Task statement: Set down, word for word, the stretch of lines from the one containing "Механічний годнник Seiko Samurai" to the end of the records below.

Data records:
[Start of Attachment]
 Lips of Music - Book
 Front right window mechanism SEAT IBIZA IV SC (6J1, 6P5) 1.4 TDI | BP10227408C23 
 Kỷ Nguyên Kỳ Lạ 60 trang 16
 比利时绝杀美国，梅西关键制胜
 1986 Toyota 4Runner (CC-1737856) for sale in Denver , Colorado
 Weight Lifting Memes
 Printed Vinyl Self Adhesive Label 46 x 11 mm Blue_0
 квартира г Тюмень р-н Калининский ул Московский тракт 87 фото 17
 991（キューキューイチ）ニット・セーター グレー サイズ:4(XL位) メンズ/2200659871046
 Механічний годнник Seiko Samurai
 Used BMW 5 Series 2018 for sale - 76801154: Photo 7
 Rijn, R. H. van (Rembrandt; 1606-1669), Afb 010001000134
[End of Attachment]
Response to the task:
 Механічний годнник Seiko Samurai
 Used BMW 5 Series 2018 for sale - 76801154: Photo 7
 Rijn, R. H. van (Rembrandt; 1606-1669), Afb 010001000134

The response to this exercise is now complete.